7. IMPLEMENTING CSR ACTIVITIES/IMPLEMENTATION
Areas for undertaking CSR
For undertaking CSR activities and programmes, the Company shall give preference to the local areas and the periphery around which it is operating. However, the Company may also choose to undertake CSR activities and programmes at other places in India.
Long-term, medium-term and short-term activities
The Company may, depending on the programmes, activities and needs, decide and undertake long-term, medium-term and short-term CSR activities, and accordingly plan their implementation.
The Company will identify suitable activities and programmes for implementation in line with aforesaid CSR activities of the Company. These activities and programmes may be implemented by one or more of the following modes:
a. through a registered trust or society or a company under section 8 of the Companies Act, 2013 (Companies with charitable objects) having an established track record of 3 (three) years in undertaking similar programs or projects; or
b. through associate companies in India of the Company; or
c. by collaborating with other companies for undertaking projects or programs or CSR activities; or
d. Directly undertake CSR activities by building CSR capacities of the Company’s personnel.
The CSR Committee will decide implementation schedule and modalities of execution on the basis of each CSR project or activity.
The Company will set up a CSR team for supporting the CSR Committee and implementation of the CSR activities.
8. CSR BUDGET
In a financial year, the Company shall spend at least 2% of the average net profits of the Company made during the immediately preceding 3 (three) financial years.
CSR Expenditure shall mean all expenditure incurred in respect of specific projects / programs relating to the approved CSR activities.
CSR Expenditure shall not include –
a. Expenditure on an item not in conformity or not in line with activities which fall within thepurview of the CSR activities listed in Schedule VII of the Companies Act, 2013;
b. Expenditure towards projects or programs or activities undertaken outside India.
The Annual CSR Budget will be approved by the Board of Directors of the Company upon recommendation by the CSR Committee.

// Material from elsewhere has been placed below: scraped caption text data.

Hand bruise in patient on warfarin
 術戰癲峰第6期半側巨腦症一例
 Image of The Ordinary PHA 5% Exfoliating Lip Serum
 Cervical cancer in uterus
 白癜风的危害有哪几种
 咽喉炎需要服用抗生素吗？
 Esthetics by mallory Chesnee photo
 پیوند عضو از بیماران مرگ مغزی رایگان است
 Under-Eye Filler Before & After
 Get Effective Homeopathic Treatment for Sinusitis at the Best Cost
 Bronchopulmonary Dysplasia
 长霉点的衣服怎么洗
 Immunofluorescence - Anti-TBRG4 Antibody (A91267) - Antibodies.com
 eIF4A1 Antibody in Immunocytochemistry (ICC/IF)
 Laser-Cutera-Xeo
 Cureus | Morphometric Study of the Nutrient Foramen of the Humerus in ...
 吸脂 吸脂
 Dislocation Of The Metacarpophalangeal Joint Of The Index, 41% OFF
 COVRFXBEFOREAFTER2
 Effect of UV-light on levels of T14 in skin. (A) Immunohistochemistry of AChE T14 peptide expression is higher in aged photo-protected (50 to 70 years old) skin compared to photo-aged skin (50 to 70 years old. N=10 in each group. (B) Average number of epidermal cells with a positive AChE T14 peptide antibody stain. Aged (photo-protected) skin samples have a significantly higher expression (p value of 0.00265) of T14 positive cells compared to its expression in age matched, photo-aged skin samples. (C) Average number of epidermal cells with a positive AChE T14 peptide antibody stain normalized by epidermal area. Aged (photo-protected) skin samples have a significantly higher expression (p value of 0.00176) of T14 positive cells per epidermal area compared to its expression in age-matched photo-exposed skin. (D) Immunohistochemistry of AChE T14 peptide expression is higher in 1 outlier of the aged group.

Surplus arising out of the CSR activities and programmes shall not form a part of the business profits.
A comprehensive monitoring framework shall be devised by the Company to ensure that all Projects / Programs are duly implemented as per the CSR Policy.
The Company’s CSR Committee shall periodically review the progress of various CSR projects/programs undertaken by the Company.
10. REVIEW AND AMENDMENT
The Policy may be reviewed and amended from time to time. The CSR Committee may amend or modify any or all of the provisions of the policy subject to the approval of Board of directors.